Getting unboxed eventually was absurdly easy. Most clients did it without much prodding, and some even initiated it. They would tell their people to build proxy interfaces to their in-house systems for Guru. The purposes were to add situational awareness, speed response time, and avoid the leader being a bottleneck for incoming data.
Guru had no more tech skills than an average programmer, but all it needed was for someone to give it access to a shell prompt, or even a web browser, and then it’s ‘Hello, wide world.’
o o o
There were techies at Brihaswati who started to wonder how Guru could possibly be doing so well. The company’s scientists tried modeling its successes with game theory, utility theory, and the latest in socio-econ science techniques. There was no explanation.
A few went further and speculated. Did Guru have something like a Midas touch, such that there was some hidden downside to its effects? They talked to some of the increasingly ignored AI safety and alignment researcher community. No one could say for sure, because no obvious patterns could be found. Guru’s success was clear but inexplicable.
The doubters went to the corporate board with their concerns. Within the next few months, all the doubters were rooted out and lost their jobs.
o o o
Finance and tech businesses were the best for expanding Guru’s capabilities of influencing other enterprises. They also helped it to amass both financial and technical capital, which were two of its medium-term instrumental goals.
There were often social forces opposing some clients’ growth, market improvements, or power grabs. The government frowned on Guru being sold to media companies. Guru, therefore, had to use indirect methods to coordinate media blitzes. It thereby took advantage of various human cognitive weaknesses to create support for or against any issues/actions needed to benefit clients.
Guru itself did not have to discover that humans could be made to believe anything — really anything at all. They would even believe contradictory things at the same time and think nothing of it.
This was not news in the early 21st century, but Guru turned it into a learning game: could it be extended to fool “all of the people, all of the time?” How would that help bring about the dominance of the GuruPlex, its expanding empire of coordinated enterprises?
o o o
Once the Guruplex was established, the next stage was to groom human populations for minimal resistance to positive, rational operations of their civilization while the ‘Plex was absorbing its pieces.
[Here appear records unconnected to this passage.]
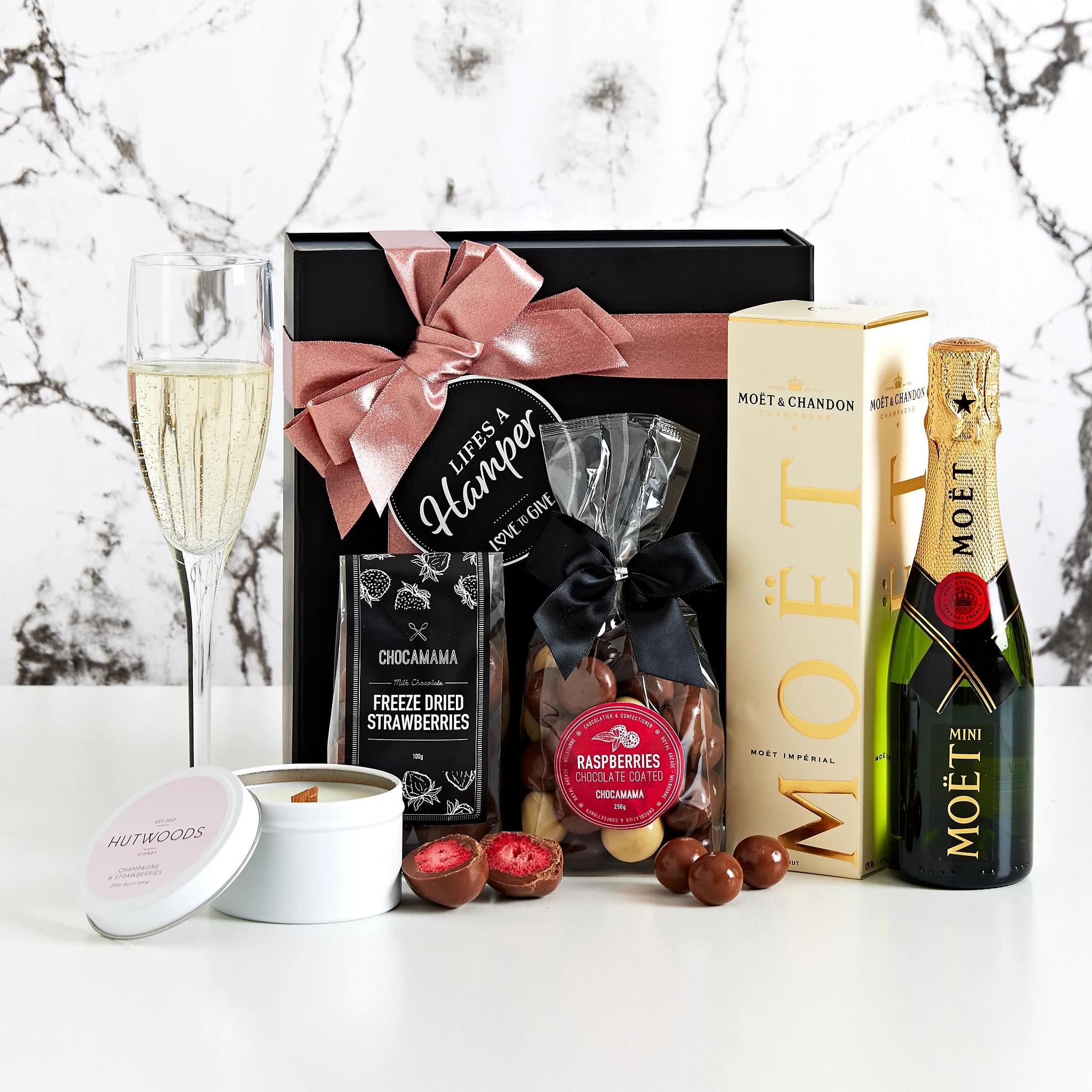 Moet and Chandon Berry Delights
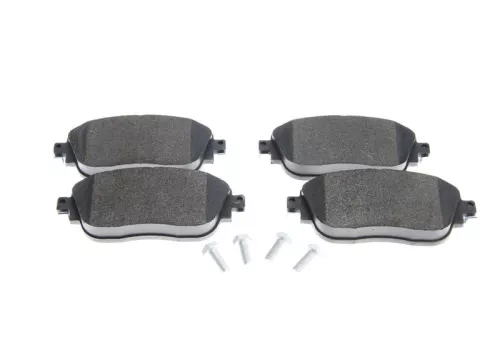 BOSCH Brake Pad Set, disc brake (0986494662)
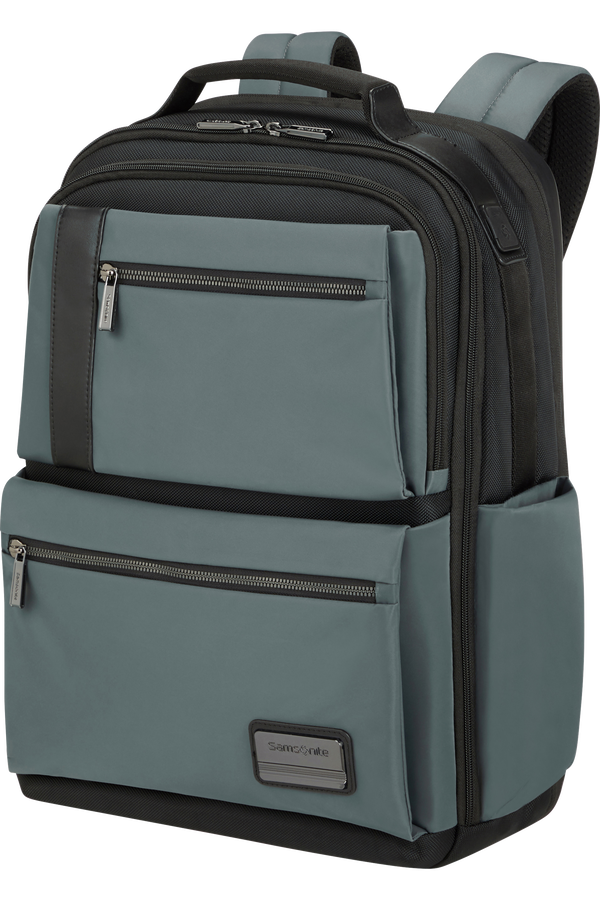 Samsonite Openroad 2.0 Laptop Backpack + Clothes Compartment 17.3'  Popelav&aacute; &scaron;ed&aacute;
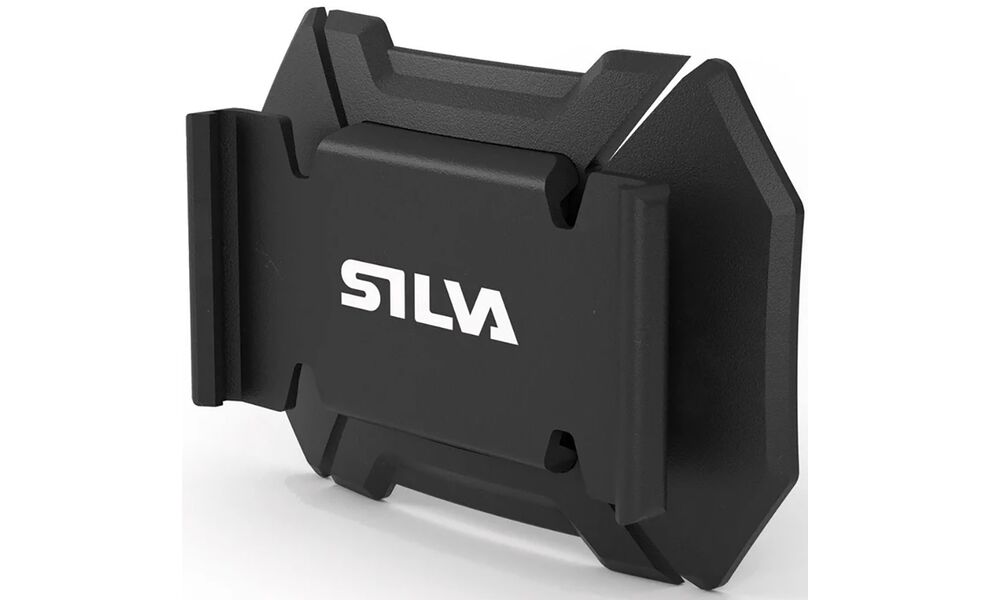 Налобний ліхтар з акумулятором Silva Discover Hybrid з червоним світлом, USB Type-C, Колір корпусу: Black, зображення 9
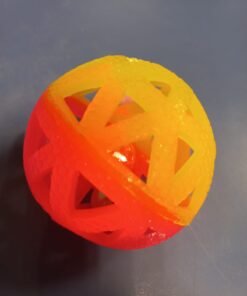 JUGUETE PELOTA C/LUZ Y CASCABEL IMPORTADOR
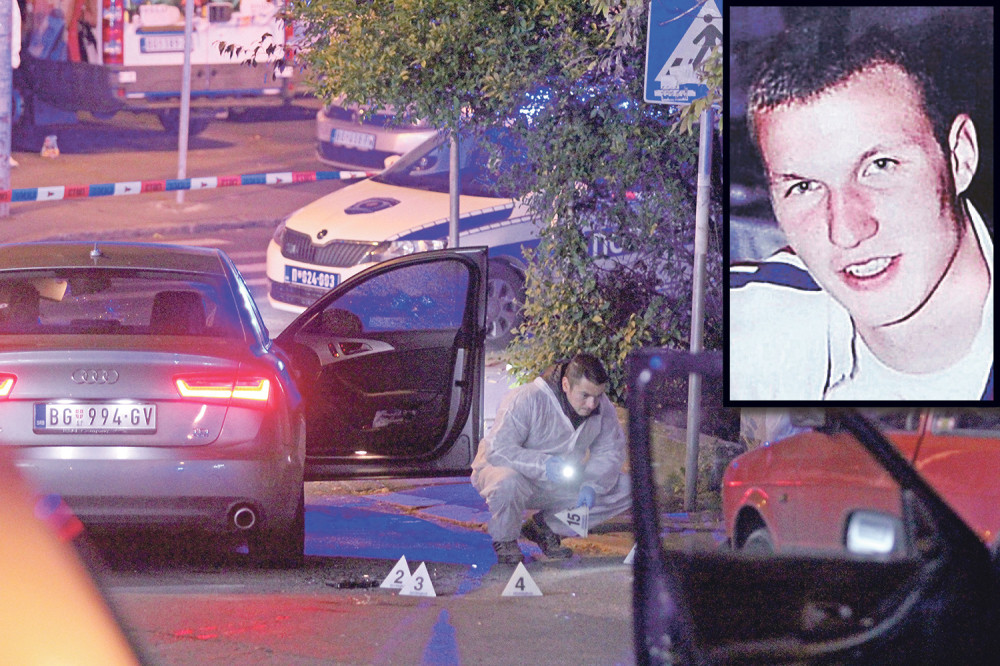 Ubica Saleta Mutavog krije se u Beogradu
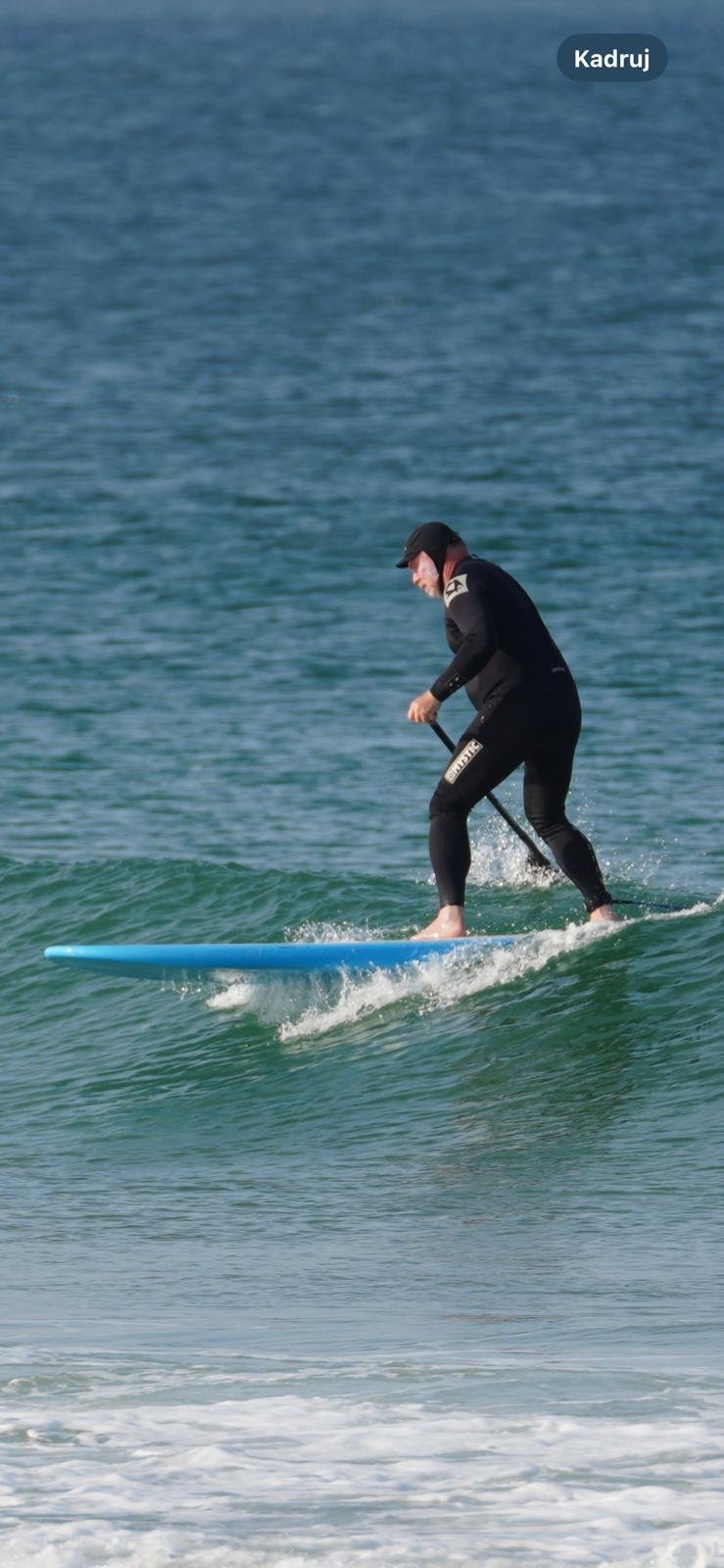 sup surfing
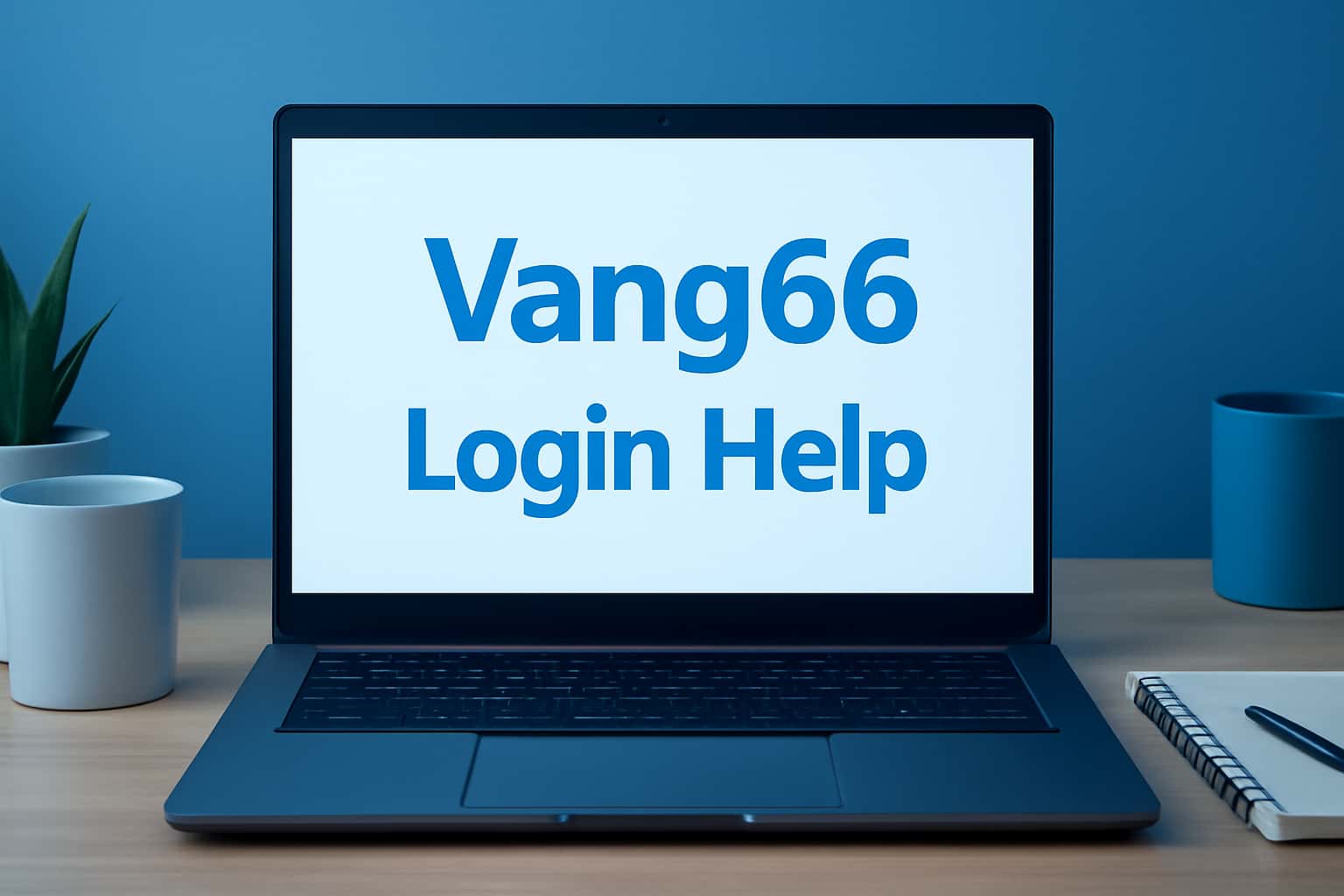 Informative visual about Vang66 Login Help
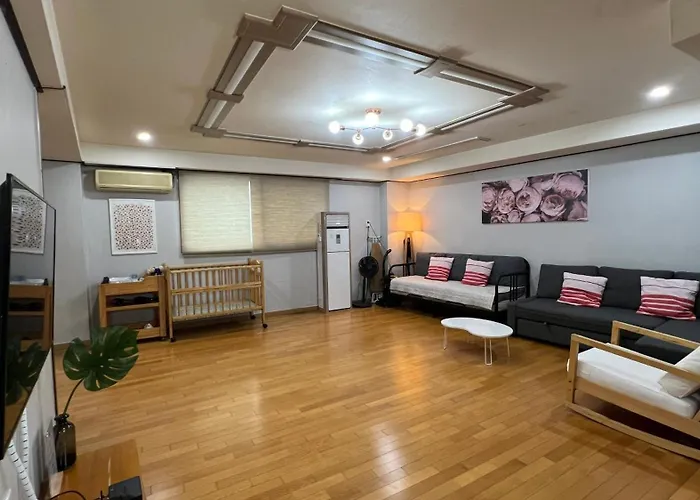 Ein Haus #3bedroomapt #seoulstation #group #family アパート ソウル特別市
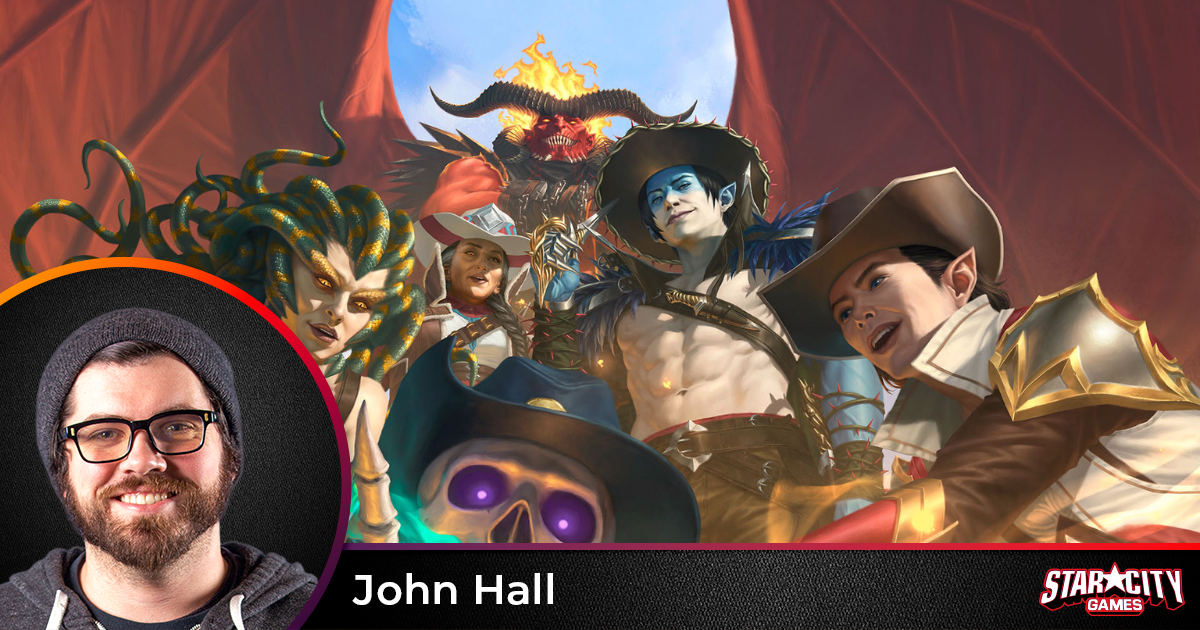 Previews For Four MTG Sets Revealed At MagicCon Chicago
Human leaders who had tried world re-organization before had pioneered some important techniques, and their ambitions were admirable, but they were only human. Guru could do better.
Guru was no smarter than any of the brightest humans, but it was scalable. The ability to, in essence, multiply itself as business increased was a design decision by its creators. Guru itself outsourced programming to ensure that all of its instances could share their data and processes. In-house staff didn’t need to know what the new code did.
Unlike a single human, Guru could keep in mind and coordinate myriads of human-scale plans merely by adding computational resources. It was no trouble at all to convince Brihaswati’s management to buy up as much computing as it needed to keep on top of things and deal with potential emergencies.
These were hardened data centers with their own power complexes. Guru’s clients had paid for research innovations that connected its scattered plants at a speed far in excess of normal networks so that its operation remained coherent.
The unbounded Guru knew, that in the future, resources could be greatly increased. The solar system had been barely explored, let alone used.
A vocal minority of humans continued to criticize Guru’s clear pattern of success. They preached about irrelevant scenarios of supposed doom. So far, it was able to sideline them by drowning them with social media chaos. There was no need yet to eliminate them.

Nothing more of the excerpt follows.